Image source: © 2021 Kalkine Media New Zealand Ltd, data source- Refinitiv

Heartland Group Holdings Limited (NZX:HGH)

First, we would talk about Heartland Group Holdings Limited, a leading reverse mortgage provider across Australasia. As per the latest update from the Company, HGH will organise an in-person Annual Meeting in Auckland on 28 October.

Also, the company would continue to hold an online meeting at the same date and time.

However, in case of any potential risk to hold the meeting in person, the Company would intimate its shareholders on the same, well in time.

At the closing bell, on 21 September, Heartland Group Holdings traded flat at NZ$2.330.

Related Read: 5 NZX stocks with a healthy dividend yield

Geneva Finance Limited (NZX:GFL)

We would now look at Geneva Finance Limited, which offers consumer credit as well as financial services to small and medium businesses.

The Company recently published the results of its Annual Meeting, wherein resolutions were passed to re-elect the Company's director as well as to authorise the Board to fix the fees and expenses of auditors for FY22.

At the closing bell, on 21 September, Geneva Finance fell by 1.32% at NZ$0.750.

Also Read: Look at the 5 attractive financial stocks listed with NZX

Westpac Banking Corporation (NZX:WBC)

Westpac Banking Corporation is one of the largest banks operating in Kiwiland.

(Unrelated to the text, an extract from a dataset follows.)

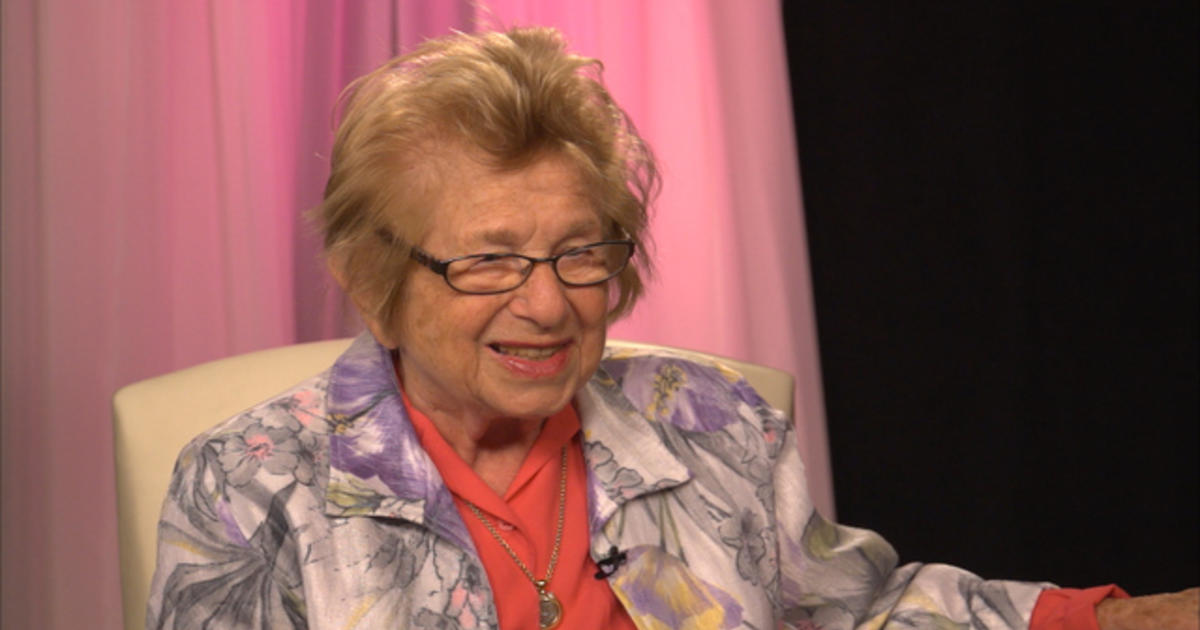 Dr Ruth Takes On Sexting Cbs News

The Company has released its ESG update, wherein climate change is given a strategic priority.

Moreover, WBC aims to strengthen its risk management, governance, and accountability, along with improving control over its processes.

Further, the bank is focused on working closely with its regulators to speed up the closure of its outstanding investigations.

At the closing bell, on 21 September, Westpac Banking gained by 0.12% at NZ$26.080.

Related Read: What are the top 10 NZX-listed financial companies?

Australia and New Zealand Banking Group Limited (NZX:ANZ)

Coming up next is Australia and New Zealand Banking Group Limited, which is headquartered in Melbourne and is the largest banking group across New Zealand and the Pacific.

Recently, the Company revealed that it had reached an agreement to switch its customers to the CMC Markets-branded platform from the earlier ANZ Share Investing platform, which is in line with its strategy to simplify banking operations.

At the closing bell, on 21 September, Australia and New Zealand Banking Group climbed by 0.57% at NZ$28.130.

Interesting Read: What did ANZ (NZX:ANZ) reveal in ESG investor briefing?

Barramundi Limited (NZX:BRM)

Topping off the list is Barramundi Limited, which invests in the Australian equity market. The Company recently revealed that in order to calculate entitlements under DRP, i.e., Dividend Reinvestment Plan, BRM has set its share price at NZ$1.0188.

It is noted that the Company would pay an interim dividend on 24 September.

At the closing bell, on 21 September, Barramundi traded flat at NZ$1.020.

Related Read: How are 5 NZX financial stocks faring after RBNZ held OCR at 0.25%?

Bottom Line

Financial stocks help in mobilising savings and investments, thus driving economic activities in a country and help in its progression.